Characterisation of rocks in drill core logging affects downstream exploration and extraction decisions. However, due to geological complexity, evolving geological understanding in multi-year projects, and time pressure, inconsistencies during drill core logging can arise. In order to cope with these challenges, machine learning (ML) has been proposed to assist geologists with a consistent basis for informed decisions in a timely manner, while also offering a potential approach for gaining deeper geological insights from drilling data. However, ML model outputs are usually deterministic and unjustified.
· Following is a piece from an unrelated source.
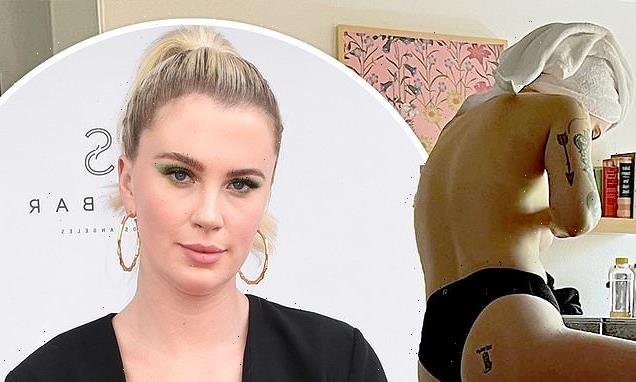 Ireland Baldwin declares she's 'done with hair removal all together'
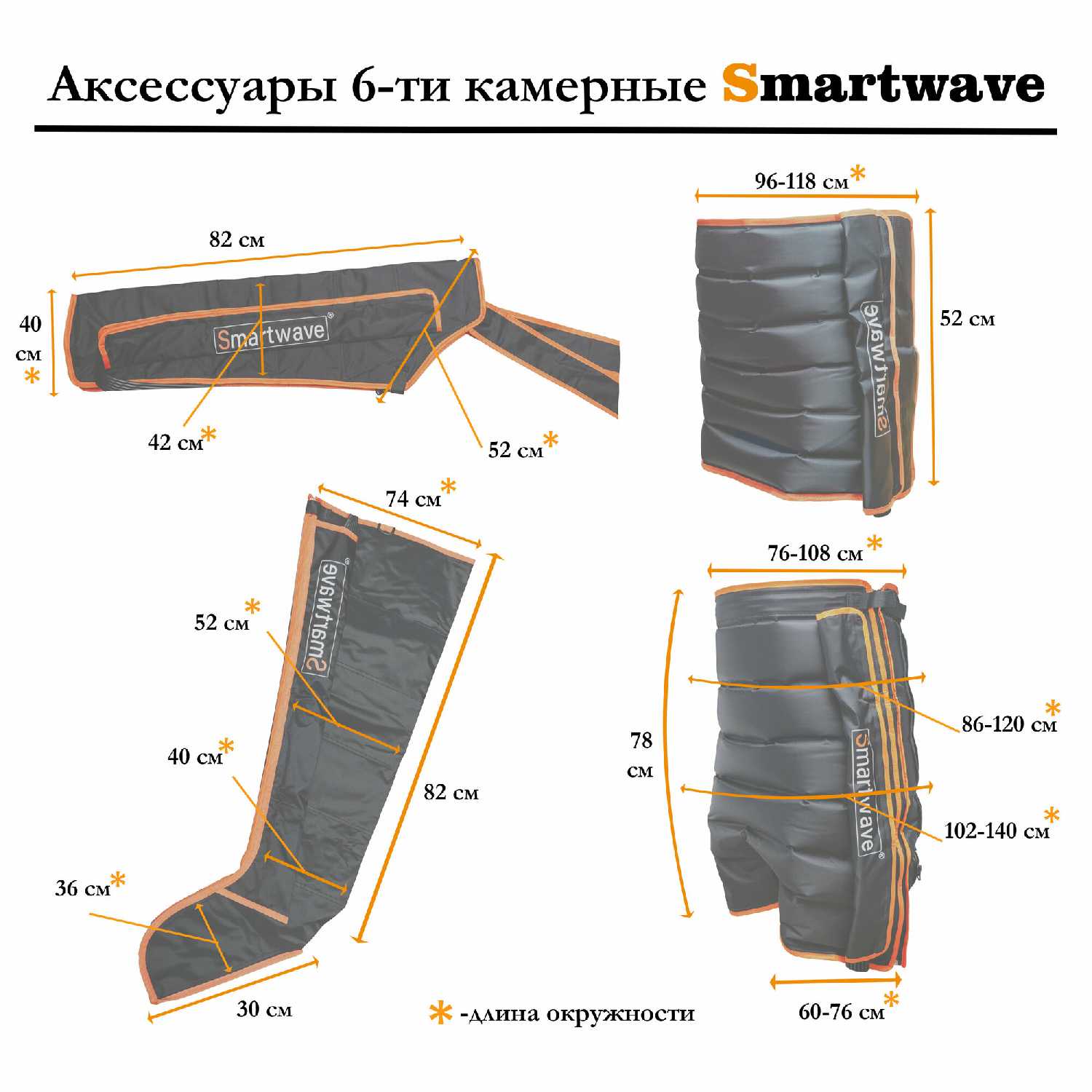 Профессиональный компрессионный лимфодренажный массажер Smartwave 600 фотография 1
Thus, the objective of this thesis is to contribute to laying the methodological foundations for a future decision support tool, grounded in geological knowledge and best practices in geodata science, that can handle uncertainty and justify its decisions to the exploration geologist.
To fulfil this objective, the Rävliden North Zn-Pb-Ag-Cu volcanogenic massive sulphide (VMS) deposit in the Palaeoproterozoic Skellefte district, Sweden, was chosen as a case study location, where volcanic facies and alteration patterns of the host rocks were characterised to formulate a geological knowledge base. This knowledge was then used to inform training of ML models. Importantly, methods for quantifying model uncertainty were assessed, as well as methods from explainable artificial intelligence (XAI) to assess their use for justifying model outputs.
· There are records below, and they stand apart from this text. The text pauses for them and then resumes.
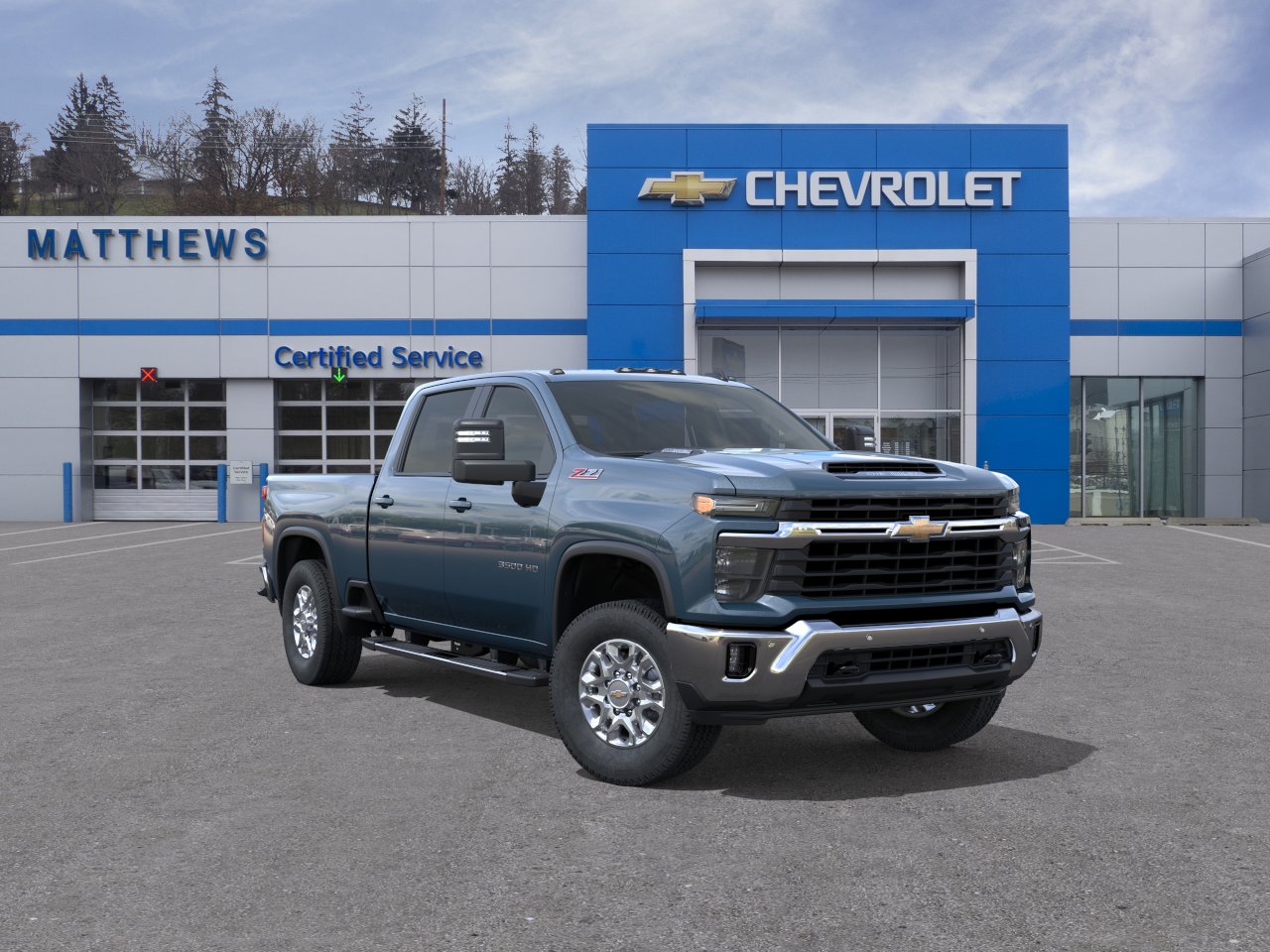 2026 Chevrolet Silverado 3500 HD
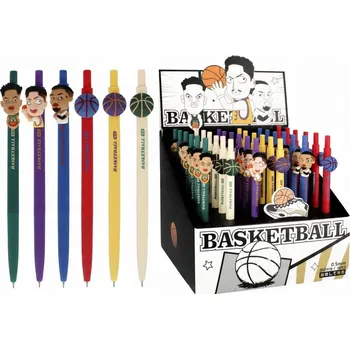 Propiska automatická modrá Starpak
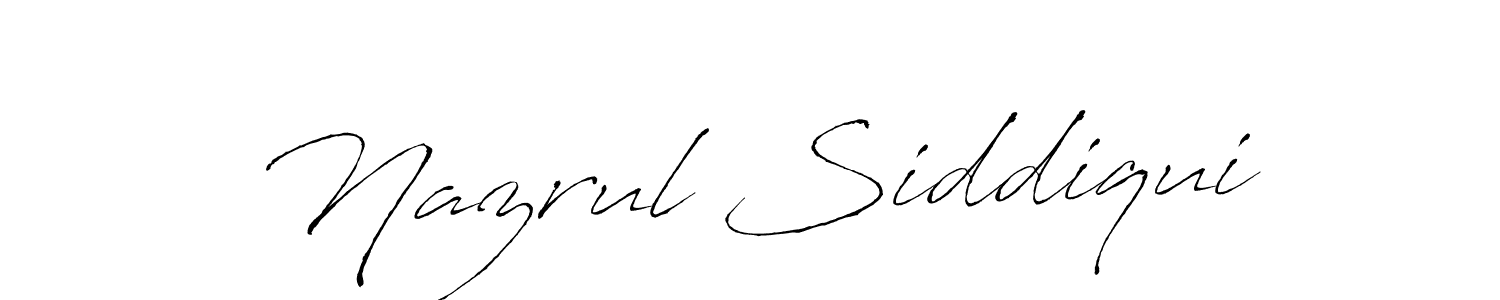 Also You can easily find your signature by using the search form. We will create Nazrul Siddiqui name handwritten signature images for you free of cost using Antro_Vectra sign style. Nazrul Siddiqui signature style 6 images and pictures png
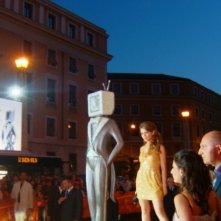 Pamela Saino - RomaFictionFest 2009 durante la Serata di gala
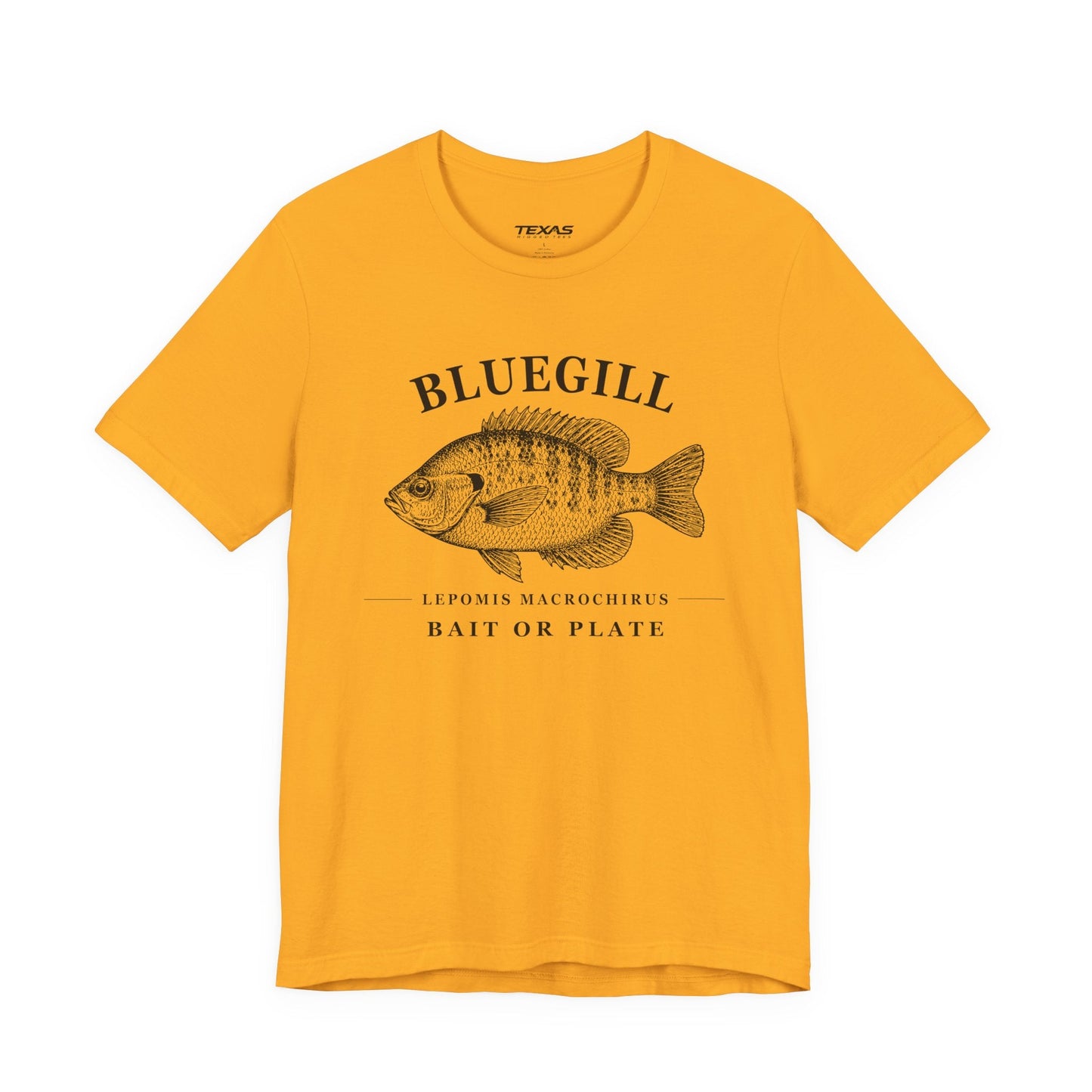 Texas Rigged Tees Bluegill — Unisex Cotton Tee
The Rävliden North VMS deposit is hosted by tremolite-rich calc-silicate rocks, chlorite and sericite schists, and graphitic phyllite in the contact between the 1.89–1.88 Ga Skellefte group and overlying 1.89–1.87 Ga Vargfors group. The precursors are a heterogeneous succession of volcaniclastic and coherent rhyolites, dacites and andesites. The VMS deposit formed by replacement-style mineralisation in carbonate-rich porous volcaniclastic facies beneath an impermeable barrier of organic rich mudstone. The carbonate-rich rocks were a result of early calcitic alteration associated with mass gains of CaO. During mineralisation, ore proximal chloritic alteration was associated with mass gains in MgO and FeO, alongside mass losses in K2O and Na2O. To quantify the uncertainty of mass change calculations a method called propagated mass change error (PROMACE) was developed. The propagated errors for Na2O, MgO, K2O, CaO and FeO were on average ±1.1 wt%. For Si2O they were on average ±11.1 wt%. Notably, it is found that large mass gains are associated with larger errors than mass losses of the same magnitude.
Random forest (RF), support vector machine (SVM) and multilayer perceptron (MLP) models were applied to X-ray fluorescence drill core scan data to classify rock types. Drill core scans from 15 exploration holes were used as training data and three as test data. It was found that intra-site generalisability was low for all models, where RF achieved the highest mean F1 test score of 0.476 ± 0.034. As for intra-dataset generalisability, model performance was higher, where SVM yielded the highest average F1 training score of 0.863 ± 0.015. Importantly, for representing intra-site generalisability in training results, stratified group K-fold cross-validation is recommended.
Different variants of pre-processing were explored, and it was found that SVM benefits from implementation of a centred log-ratio transform (mean training F1 = 0.863 ± 0.015 with and F1 = 0.720 ± 0.016 without). Notably, it was found that model-based imputation of missing values and data augmentation with a synthetic minority oversampling technique made little difference for any of the ML models.
A more detailed study of MLP models was conducted in which performance on precursor, alteration type and rock type classification was assessed. F1 training scores for precursor classification was 0.599 ± 0.223, whereas performance on alteration and rock type was lower with F1 scores of 0.431 ± 0.038 and F1 = 0.401 ± 0.081 respectively. Model uncertainty was quantified with Monte Carlo dropout (MCD) that indicated higher uncertainty for alteration and rock type classification than for precursor classification suggesting that classification tasks that take alteration into account are more challenging.
SHapley Additive exPlanations (SHAP) were used to justify MLP predictions. This revealed that the model relies on meaningful geological features, such as Zr and Ti to distinguish precursors or Ca to identify calcitic alteration. However, in some cases, indirect feature to target relationships were learned. For such classes it was also found that model performance was generally lower.
The results of this thesis show how geological knowledge can be structured and applied with best practice procedures in model training and pre-processing. Additionally, uncertainty estimates with PROMACE for mass change estimates and MCD for rock classification, together with SHAP for model interpretability, can provide geologists with transparent and justifiable outputs.
Luleå: Luleå University of Technology, 2026.